A structured set of objections, weighed in public.

Desk editor's note, referee report, simulated authors' rebuttal, and a circularity audit. Tearing a paper down is the easy half of reading it; the pith above is the substance, this is the friction.

Desk Editor's Note private letter to a colleague

aLDA selection claims to beat random, posterior, and full-pool training for meeting ASR but the abstract supplies no numbers so the gain stays uncheckable.

read the letter

The main thing to know is that the paper applies acoustic LDA topic distributions to rank and select training utterances from a 2k-hour mixed pool to match a 32-hour meeting target, and states that the resulting models beat random selection, a posterior baseline, and training on everything. That last comparison is useful because it shows when extra data actually hurts. The application of aLDA as a similarity measure for this exact selection task is the concrete new step; earlier uses of aLDA in speech were for adaptation or labeling, not subset ranking. The experimental frame is reasonable on its face: a diverse pool, a small representative target sample, and the inclusion of the full-pool condition as a control. The soft spots are straightforward. The abstract asserts significant outperformance yet gives zero WER values, no selected data size, no error bars, and no mention of statistical tests, so the central claim cannot be assessed from what is shown. The assumption that unsupervised topics on acoustic features will separate data along the dimensions that actually move word error rate is plausible but untested in the description; there is no reported correlation between topic distance and per-utterance error, nor an ablation against simpler statistics such as mean MFCCs or i-vectors. That gap matches the stress-test concern and leaves open the possibility that any gain comes from incidental factors rather than domain match. This work is aimed at ASR practitioners who already have large heterogeneous collections and need to curate subsets for a narrow target like meetings or far-field transcription. A reader in that position could extract a workable recipe to try. The paper deserves a serious referee because the setup is concrete, the baselines are sensible, and the idea is simple enough to verify or refute with the full results table. I would send it to review.

Referee Report

2 major / 1 minor

Summary. The paper proposes an aLDA-based framework to select a subset of training utterances from a 2k-hour heterogeneous pool (meeting, talks, voice search, dictation, etc.) that best matches a 32-hour target meeting domain (far-field and close-talk), using topic-distribution similarity to a small representative target sample. The central empirical claim is that this selection significantly outperforms random selection, posterior-based selection, and training on the entire pool for ASR acoustic-model performance.

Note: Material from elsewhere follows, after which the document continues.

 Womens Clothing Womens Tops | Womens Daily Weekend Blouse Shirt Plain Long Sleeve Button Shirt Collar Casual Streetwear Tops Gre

Significance. If the superiority is robustly demonstrated, the method supplies a practical unsupervised technique for mitigating domain mismatch in ASR training data selection, addressing the known risk that including all available data can degrade performance even for data-inefficient neural models. It builds directly on prior uses of aLDA for domain adaptation and related speech tasks.

major comments (2)

[Experiments] Experiments section: the abstract asserts significant outperformance over random, posterior-based, and full-pool baselines, yet supplies no WER numbers, error bars, dataset splits, model architecture details, or statistical tests; this is load-bearing for the central empirical claim.
[§3] §3 (aLDA Data Selection): no correlation analysis is reported between aLDA topic distances (cosine or KL) and per-utterance WER on a held-out set, nor an ablation replacing aLDA topics with simpler acoustic statistics such as mean MFCC or i-vectors; this directly tests whether the unsupervised topics separate data along dimensions that actually drive ASR error rates.

minor comments (1)

The abstract would be strengthened by a single sentence summarizing the magnitude of the reported gains and the evaluation metric.

Simulated Author's Rebuttal

2 responses · 0 unresolved

We thank the referee for the thoughtful review and constructive comments. We address each major point below and will make the necessary revisions to strengthen the experimental reporting and validation of the aLDA approach.

read point-by-point responses

Referee: [Experiments] Experiments section: the abstract asserts significant outperformance over random, posterior-based, and full-pool baselines, yet supplies no WER numbers, error bars, dataset splits, model architecture details, or statistical tests; this is load-bearing for the central empirical claim.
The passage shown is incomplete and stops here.